溶剂对脯氨酰肽键异构化能量学的影响。
Solvent Effects on the Energetics of Prolyl Peptide Bond Isomerization.
作者信息
Eberhardt Eric S, Loh Stewart N, Hinck Andrew P, Raines Ronald T
机构信息
Department of Biochemistry, University of Wisconsin-Madison, Madison, WI 53706.
出版信息
J Am Chem Soc. 1992;114(13):5437-5439. doi: 10.1021/ja00039a072.
Abstract
Racemic Ac-Gly-[β,δ-(13)C]Pro-OMe was synthesized, and the kinetics and thermodynamics of the isomerization of its prolyl peptide bond were determined in nine solvents by using NMR and IR spectroscopy.

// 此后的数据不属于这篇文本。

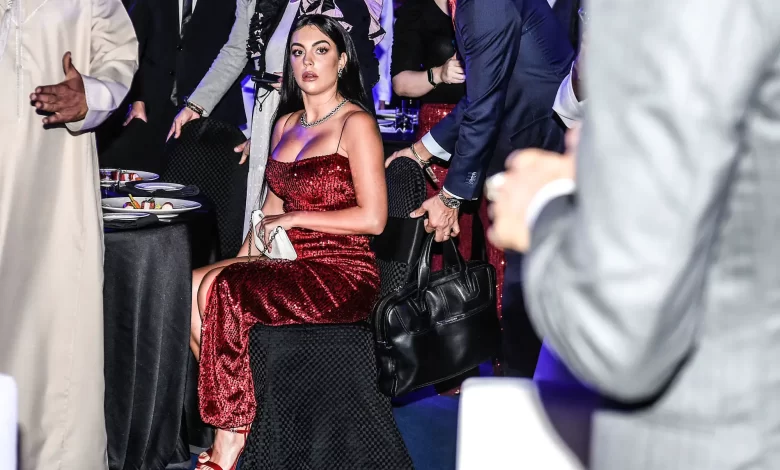 Georgina Rodriguez pleine de rancune montre les crocs et continue d'ignorer Nabilla Vergara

The free energy of activation is 1.3 kcal/mol larger in water than in aprotic solvents, and correlates with the ability of a solvent to donate a hydrogen bond but not with solvent polarity. These results are consistent with conventional pictures of amide resonance, which require transfer of charge between oxygen and nitrogen during isomerization. Similar medium effects may modulate the stability of planar peptide bonds in the active site of peptidyl-prolyl cis-trans isomerases (PPIases) and during the folding, function, or lysis of proteins.
摘要
合成了外消旋的Ac-Gly-[β,δ-(13)C]Pro-OMe,并通过核磁共振(NMR)和红外光谱(IR)在九种溶剂中测定了其脯氨酰肽键异构化的动力学和热力学。在水中,活化自由能比在非质子溶剂中高1.3千卡/摩尔,且与溶剂提供氢键的能力相关,而与溶剂极性无关。这些结果与传统的酰胺共振图景一致,该图景要求异构化过程中氧和氮之间发生电荷转移。类似的介质效应可能会调节肽基脯氨酰顺反异构酶(PPIases)活性位点中平面肽键的稳定性,以及蛋白质折叠、功能或裂解过程中的稳定性。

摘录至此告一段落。